Maybe someone can help with this question.

You are climbing from MSL at a constant IAS of 200kts to 40,000'. I think your power requirement is increasing and power available is decreasing. The angle of climb and rate of climb is decreasing. I heard that at 40,000' the density is 1/4 the MSL value and your TAS is twice MSL i.e. 400kts for this question. Now the lift equation should stay in balance cause the density is 1/4 but the TAS is double. So:

1)Does the AOA remain the same throughout the climb
2)Do you need to reduce the pitch of the aircraft

Bultaco

1)Does the AOA remain the same throughout the climb

Almost certainly no.

Mach number is varying quite significantly during that climb, chances are the AoA for a given CL is different at start and end.

1. No
2. Yes

You're right, if the figures you have assumed are correct: the amount of lift for the given scenario would be the same at altitude as at msl.

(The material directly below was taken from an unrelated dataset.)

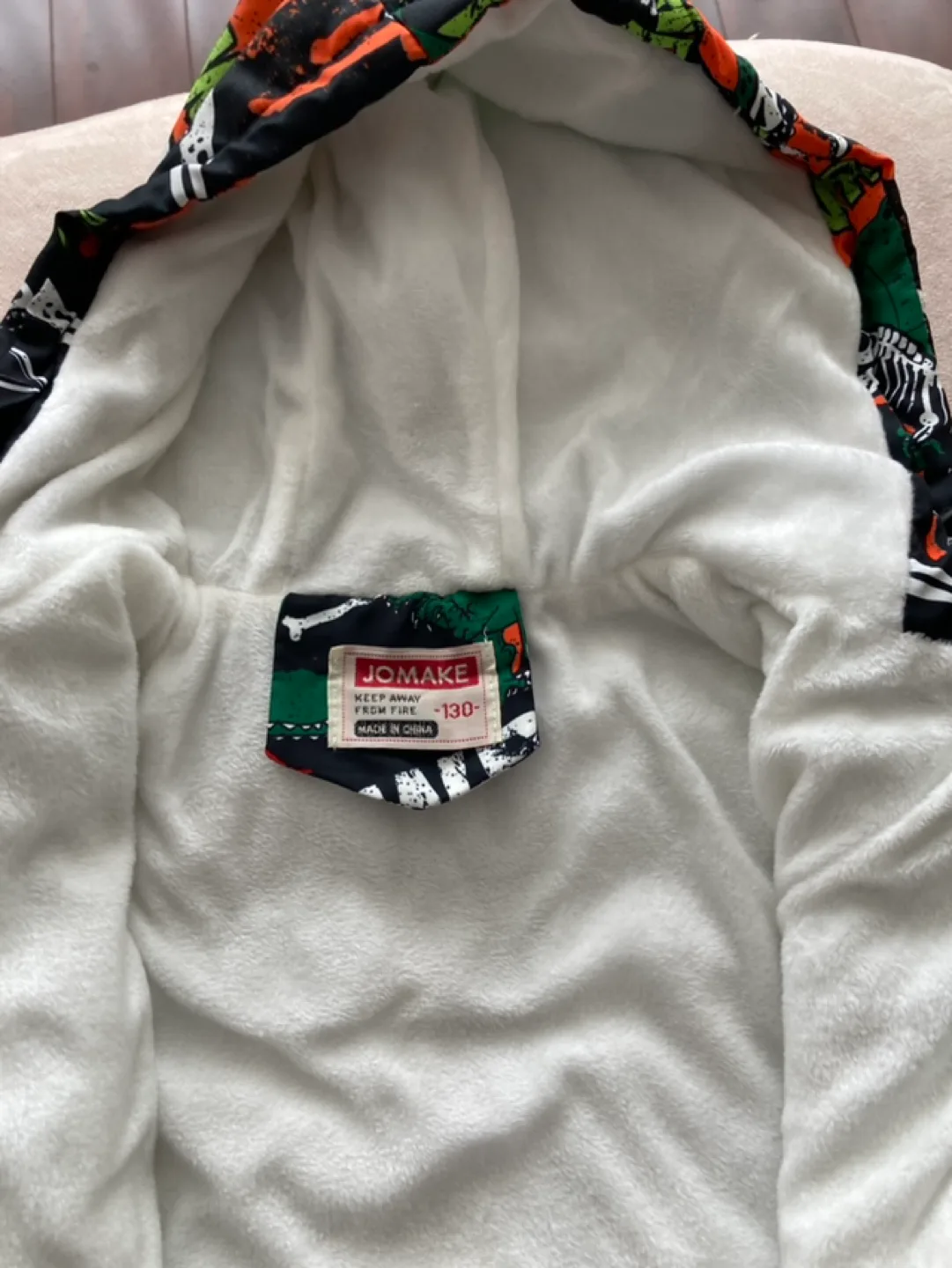 ✨Summer sale! Kids Dinosaur Puffer snow Jacket Size 130 image indicator(3)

However, this given amount of lift would have to be density-compensated (as you correctly state) by an increase in thrust (Increasing T req, decreasing T av) and decrease in Alpha accomplished by a lower pitch attitude.

The next problem is whether climbing at the constant IAS compromises the stalling speed of the aircraft with decreasing density (it will do eventually), so the transition to constant Mach No. has to occur.

If anyone has other ideas/opinions/corrections I'd be glad to hear.

Charlienov.

Thanks Crowsnest,

In the PPSC notes I have on performance it seems to state that the AOA should remain constant once you are climbing at a constant IAS. I have printed the paragraph below but now I believe that it's not correct.

"Climbing at a constant IAS will cause the TAS and Mach number to increase. Although a constant angle of attack is maintained, the climb gradient and rate of climb will both decrease because of the decreasing excess of power available over power required. After changing to a constant Mach number, both the IAS and TAS will gradually decrease. Because of this the angle of attack must be increased. Consequently, despite the decreasing power available the climb gradient increases. Therefore, in a normal atmosphere, at the crossover altitude the climb gradient changes from one that is decreasing to one that is increasing."

For JAR ATPL(A) purposes you need to think of the way reducing air density affects the thrust.

If we ignore any changes in mass and any compressibility effects, then at constant CAS we will need constant angle of attack to give constant lift. Constant angle of attack at constant CAS will give constant(ish) drag.

But as altitude increases, the thrust available will gradually decrease. So to maintain constant CAS we must reduce the drag to match the reducing thrust. To do this we must decrease the angle of attack.

All of the above is typical of the simplfications that are used in JAR ATPL(A) exams.

Thanks Keith :)